Reads a stream, line by line, deserializing each non-empty line as a single JSON object. Blank lines are skipped with a warning logged. Compatible with both JSONL and NDJSON formats.

Constructors

JsonLineExtractor(Stream)

Initializes a new instance of the JsonLineExtractor<TRecord> class.

public JsonLineExtractor(Stream stream)

Parameters

stream Stream

The stream containing JSONL data to read from.

Exceptions

ArgumentNullException

Thrown when stream is null.

JsonLineExtractor(Stream, ILogger<JsonLineExtractor<TRecord>>)

Initializes a new instance of the JsonLineExtractor<TRecord> class with diagnostic logging.

public JsonLineExtractor(Stream stream, ILogger<JsonLineExtractor<TRecord>> logger)

Parameters

stream Stream

The stream containing JSONL data to read from.

logger ILogger<JsonLineExtractor<TRecord>>

The logger instance for diagnostic output.

Exceptions

ArgumentNullException

Thrown when stream or logger is null.

JsonLineExtractor(Stream, JsonSerializerOptions, ILogger<JsonLineExtractor<TRecord>>?)

Initializes a new instance of the JsonLineExtractor<TRecord> class with custom serialization options.

public JsonLineExtractor(Stream stream, JsonSerializerOptions options, ILogger<JsonLineExtractor<TRecord>>? logger = null)

Parameters

stream Stream

The stream containing JSONL data to read from.

options JsonSerializerOptions

The JSON serializer options to use for deserialization.
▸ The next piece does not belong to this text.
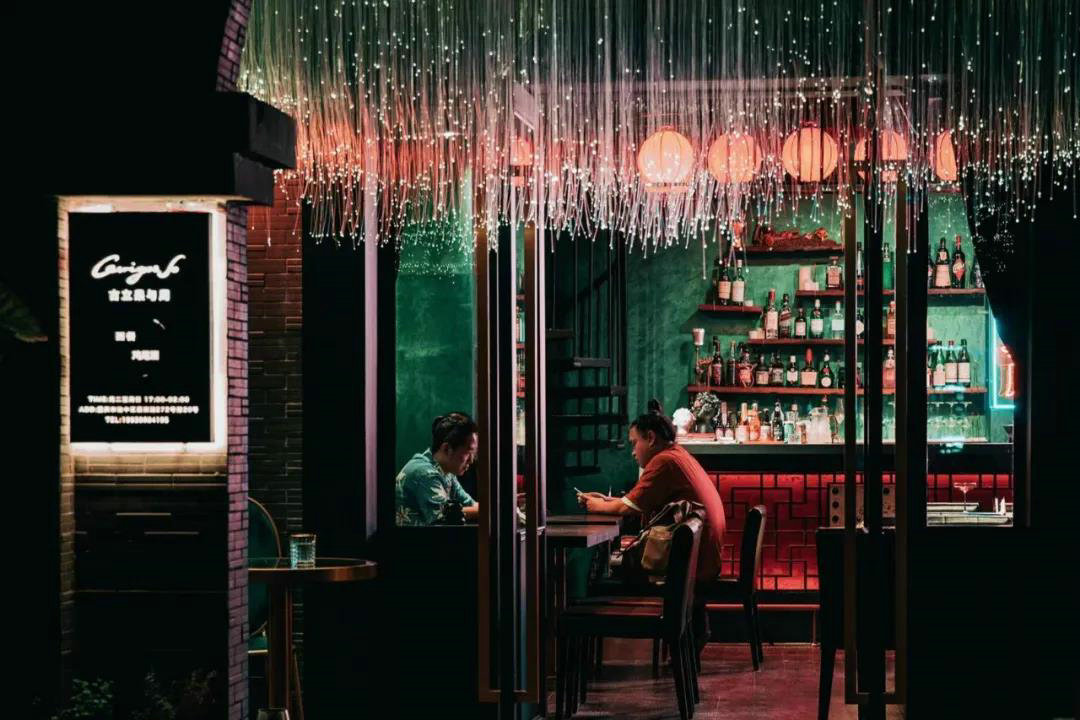 探索小巷隐藏宝藏，体验独特小店——最新广告语揭秘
logger ILogger<JsonLineExtractor<TRecord>>

An optional logger instance for diagnostic output.

Exceptions

ArgumentNullException

Thrown when stream or options is null.

JsonLineExtractor(Stream, JsonTypeInfo<TRecord>, ILogger<JsonLineExtractor<TRecord>>?)

Initializes a new instance of the JsonLineExtractor<TRecord> class with source-generated type metadata for AOT-friendly, reflection-free deserialization.

public JsonLineExtractor(Stream stream, JsonTypeInfo<TRecord> typeInfo, ILogger<JsonLineExtractor<TRecord>>? logger = null)

Parameters

stream Stream

The stream containing JSONL data to read from.

typeInfo JsonTypeInfo<TRecord>

The source-generated type metadata for TRecord.

logger ILogger<JsonLineExtractor<TRecord>>

An optional logger instance for diagnostic output.

Exceptions

ArgumentNullException

Thrown when stream or typeInfo is null.

Methods

CreateProgressReport()

Creates a progress report of type TProgress. This gives the derived class the opportunity to implement a custom progress report that is specific to the extraction process.

protected override JsonReport CreateProgressReport()

Returns

JsonReport

Progress of type TProgress

CreateProgressTimer(IProgress<JsonReport>)

Creates the Wolfgang.Etl.Abstractions.IProgressTimer used to drive progress callbacks. Override this method in a derived class to inject a custom timer (for example, a custom implementation that allows manual control in unit tests).

protected override IProgressTimer CreateProgressTimer(IProgress<JsonReport> progress)

Parameters

progress IProgress<JsonReport>

The progress sink that will receive callbacks.

Returns

IProgressTimer

A started Wolfgang.Etl.Abstractions.IProgressTimer instance.

ExtractWorkerAsync(CancellationToken)

This method is the core implementation of the extraction logic and should be overridden by derived classes.

protected override IAsyncEnumerable<TRecord> ExtractWorkerAsync(CancellationToken token)

Parameters

token CancellationToken

A CancellationToken to observe while waiting for the task to complete.

Returns

IAsyncEnumerable<TRecord>

IAsyncEnumerable<TSource> The result may be an empty sequence if no data is available or if the extraction fails.